Here we are again. Another year comes to a closing. Another Yom Kippur has arrived, and it feels just like the blink of an eye since last year. Again, we have the opportunity to reflect on ourselves, to disengage from our flaws and to identify with our better potential. Do we feel we made any progress towards that goal? It may not be very encouraging that, no matter how hard we try, each year we end up saying in our widdūy: אשמנו, בגדנו, גזלנו, דברנו דופי
We have been guilty, we have betrayed, we have stolen, we have spoken insult….
Do we feel we can become better people if it is already written in stone that next year – given life and health – we will say these same words again?
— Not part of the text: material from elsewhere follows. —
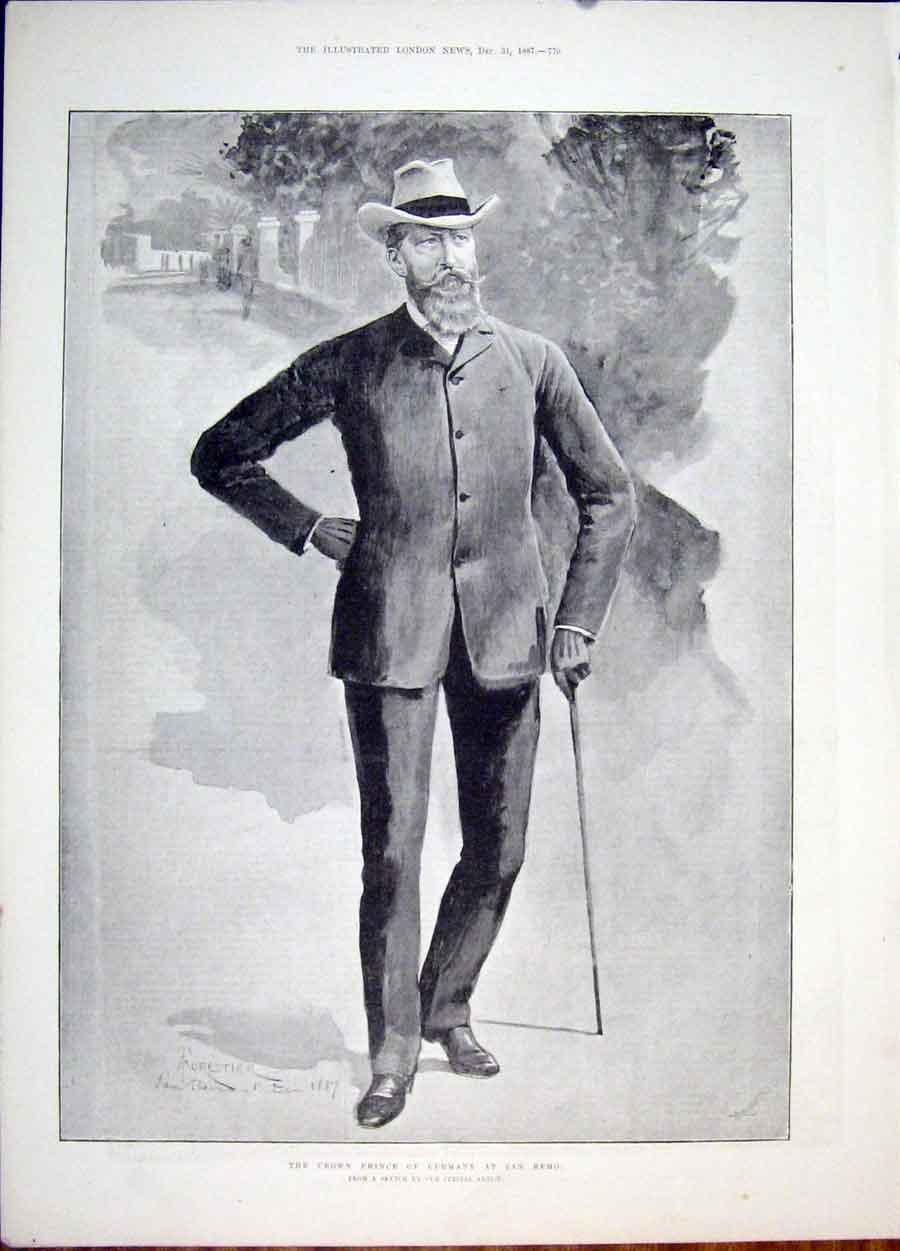 Original Old Antique Print Portrait Prince Germany San Remo Forestier 1887 19th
I believe these words are meant to be a safeguard against becoming self-content, and not feeling the need to work on ourselves. On the other hand, putting ourselves down as if we are no good, and we have not accomplished anything but sin and failure is just as paralyzing.
There is an alternative widdūy circulating on the internet, that I believe can balance out the standard, traditional one. Like the one in our prayer book, it sums up an action by each word of the alphabet, but with a positive spin.
אָבַהְנוּ, בֵּרַכְנוּ, גָּדַלְנוּ, דִבַּרְנוּ יוֹפִי, הֶעֱלִינוּ, וְחַסְנוּ, זֵרַזְנוּ, חָמַלְנוּ, טִפַּחְנוּ אֶמֶת, יָעַצְנוּ עֵצוֹת טוֹבוֹת, כִּבַּדְנוּ, לָמַדְנוּ, מָחַלְנוּ, נִחַמְנוּ, סָלַלְנוּ, עוֹרַרְנוּ, פָּעַלְנוּ, צָדַקְנוּ, קִוִּינוּ לָאָרֶץ, רִחַמְנוּ, שָׁקַדְנוּ, תָּמַכְנוּ, תָּרַמְנוּ, ותִקּנּוּ
We have loved, we have blessed, we have grown, we have spoken positively, we have raised up, we have shown compassion, we have acted with enthusiasm, we have been empathetic, we have cultivated truth, we have given good advice, we have respected, we have learned, we have forgiven, we have comforted, we have built, we have stirred, we have endeavored, we have been just, we have longed for our land, we have been merciful, we have been diligent, we have supported, we have contributed, we have repaired.
“You have set our iniquities before us” says Psalm 90. But also, our efforts, our good deeds, and our personal growth. And we should too when we make up a balance of our lives.
With verse 13 we say: “Return, O Lord!” (vs 16) “Show your servants how You act!”
In verse 3, God says: ““Return, o people!”
We will return to Him and we will show Him our actions.
We will continue to improve ourselves, and the world around us.
“May the favor of the Lord, our God, be with us.
Establish the work of our hands! May He establish the work of our hands!”